Und bei rund einer Million Euro, die es voraussichtlich kosten wird, alles im Sortiergebäude zum Weißbereich zu machen und alles für den weiteren Umbau zur Schule vorzubereiten. Die Schadstoffsanierer sanieren nämlich nicht nur, sie leiten auch die nächste Phase des Projekts ein – und nehmen gleich mit weg, was später sowieso wegsoll: Wände, Estrich, Türen, Holzverkleidungen, Zargen. So wie es die Arbeiter, die nach ihnen kommen, auf Plänen eingezeichnet haben. Zum Beispiel die Fahrstuhl- und Treppenhausmonteure.
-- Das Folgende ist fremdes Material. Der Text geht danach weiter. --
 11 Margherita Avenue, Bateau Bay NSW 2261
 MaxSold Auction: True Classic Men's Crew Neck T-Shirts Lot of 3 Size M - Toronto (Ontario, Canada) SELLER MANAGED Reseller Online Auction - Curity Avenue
Zum Beispiel die Zimmermänner und Dachdecker. Zum Beispiel die Maurer und Trockenwandbauer. Und vor allem die Architekten, die in dem Industriebau plus Anbau alle Klassen des Blumenthaler Schulzentrums unterbringen wollen.

Das Vorhaben ist so groß, dass sein Start mehrmals verschoben wurde – und mit ihm der Eröffnungstermin. Jetzt, sagt Schaefer, soll der Umbau des Altbaus 2025 abgeschlossen sein – und zwei Jahre später die Erweiterung. 41 Millionen haben Planer für beides einkalkuliert. Was mittlerweile anderthalb Jahre her ist.